Researchers working in British-influenced colonies, or in the British Isles themselves, would do well to remember the various units of currency (coinage) and how they may have been referenced in deeds, wills, inventories or transactions.
In the period immediately preceding decimalization in 1971, coinage in the UK worked something like this:
half penny, 1/2d
tuppence (slang, not a coin) 2d
three pence, 3d -- in its last incarnation, a brass, octagonal-shaped coin
shilling, 12d or 1s; one-twentieth of a pound sterling (£); slang: "bob"
florin, 24d or 2s; one-tenth of a pound sterling
half crown, 30d, 2s/6d; generally speaking, the largest coin typically circulated; slang "half dollar"
crown, 60d, 5s; typically used as a commemorative coin
10s notes (one half pound) were issued in addition to £1, 5, 10 notes
£1 was known, colloqiually, as "a quid"
£1 = 20 shillings = 240 pence; abbreviations sometimes written in columnar headings as £/s/d
In the earliest days after the changeover, the old coinage circulated as follows:
half-penny, £.005 (decimal)
penny £.01, or 1p
two pence, £.02, 2p
five pence, £.05, 5p; originally sized identical to the old shilling coin (one-twentieth of a pound)
ten pence, £.10, 10p; originally sized identical to the old florin (one-tenth of a pound)

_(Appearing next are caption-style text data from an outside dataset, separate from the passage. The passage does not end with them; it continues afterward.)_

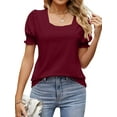 thumbnail image 3 of QAFOPEH Women Square Neck Puff Short Sleeve Smocked Cuffs Tunic Solid Color Top, 3 of 7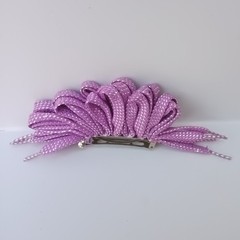 Vintage Shoelace French Hair Barrette-Lot Of 2-Metallic Thread-Purple-Pastel-80s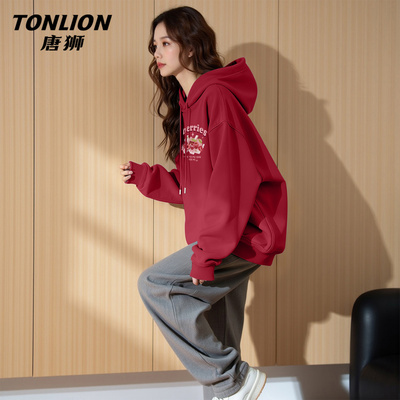 唐狮官方休闲连帽卫衣外套女春秋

twenty pence, £.20, 20p; introduced in 1982
fifty pence, £.50, 50p; a large, seven-sided coin
£1 coin, introduced in 1983 to replace the pound note
£2 coin, introduced in 1997 in current form; at several times in the 1980s, the value was assigned to particular commemorative coins
£5 coin, used exclusively as a commemorative coin since the 1990s; sized like the pre-decimalization crown
A "guinea" was a trade coin, valued at 21 shillings; a gold sovereign was a one-pound coin; a half sovereign was a gold coin worth 10 shillings.